Assaf Ran did not purchase any securities in the Offering. From the filing of the Original Schedule 13D to the date hereof, Assaf Ran purchased an aggregate of 64,000 Common Shares.

 

The last paragraph of “Item 4. Purpose of Transaction” of the Original Schedule 13D is hereby amended and restated as follows:

 

The Reporting Person has no current plans or proposals which relate to or would result in any of the actions described in subsections (a) through (j) of Item 4 of Schedule 13D, other than the receipt of additional Common Shares that may be granted as part of his regular compensation as an executive officer of the Issuer.

 

 
 

 

CUSIP No. 562803106 13D/A Page 4 of 5 Pages

 

Item 5. Interest in Securities of the Issuer

 

“Item 5. Interest in Securities of the Issuer” of the Original Schedule 13D is hereby amended and restated as follows:

 

(a) Mr.

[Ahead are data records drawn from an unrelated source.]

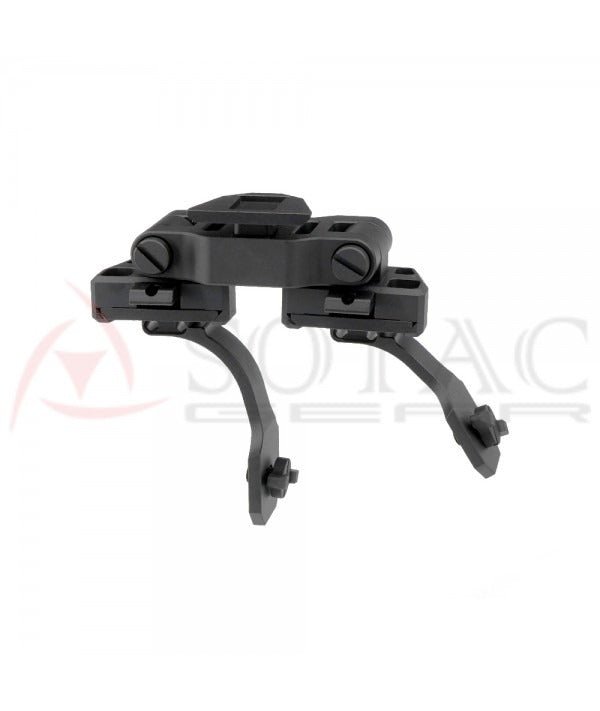 SOTAC D - 14 Dual Mounting System  - Tacvaults
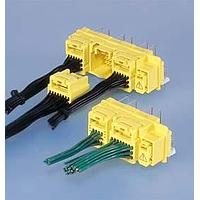 JST Automotive 16CIT-B-2A Board to Wire 16 CIT Female Connector Yellow
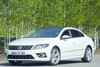 Bild zum Inhalt: Volkswagen CC: Kleiner Motor - große Wirkung?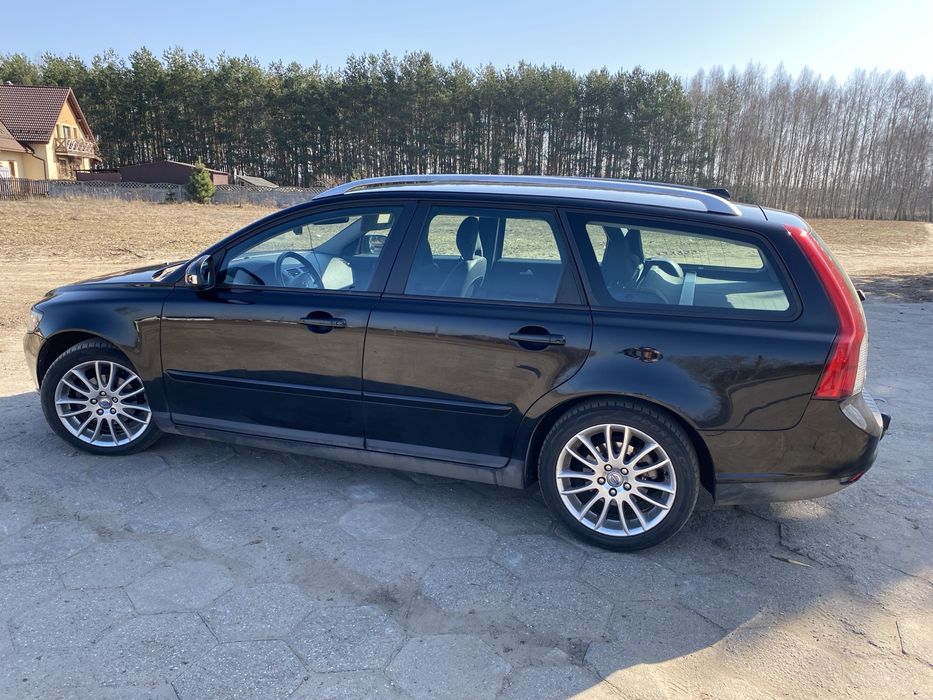 Volvo V50 1.6 diesel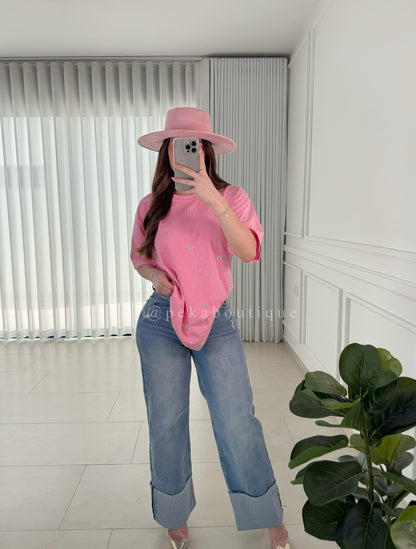 Blusa Bow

Ran may be deemed to beneficially own 2,580,000 Common Shares of the Issuer, which constitute 22.4% of the outstanding Common Shares of the Issuer, based upon 11,494,945 Common Shares outstanding as of July 9, 2021. Such shares of Common Stock include (i) 1,580,000 Common Shares and (ii) 1,000,000 Restricted Shares.

 

(b) Mr. Ran has sole voting and dispositive power of 2,580,000 Common Shares of the Issuer. Such Common Shares include (i) 1,580,000 Common Shares and (ii) 1,000,000 Restricted Shares.

 

(c) The Reporting Person has not effected any transaction in the Common Shares of the Issuer in the past sixty days.

 

(d) No person other than Mr. Ran has the right to receive or the power to direct the receipt of dividends from, or the proceeds from the sale of, the Common Shares reported above in this Item 5 and held directly by Mr. Ran.

 

(e) Not applicable.

 

Item 6. Contracts, Arrangements, Understandings or Relationships with Respect to Securities of the Issuer

 

“Item 6. Contracts, Arrangements, Understandings or Relationships with Respect to Securities of the Issuer” of the Original Schedule 13D is hereby amended to include the following:

 

The Issuer’s 2009 Stock Option Plan expired in June 2019.

 

 
 

 

CUSIP No. 562803106 13D/A Page 5 of 5 Pages

 

SIGNATURE

 

After reasonable inquiry and to the best of my knowledge and belief, I certify that the information set forth in this statement is true, complete and correct.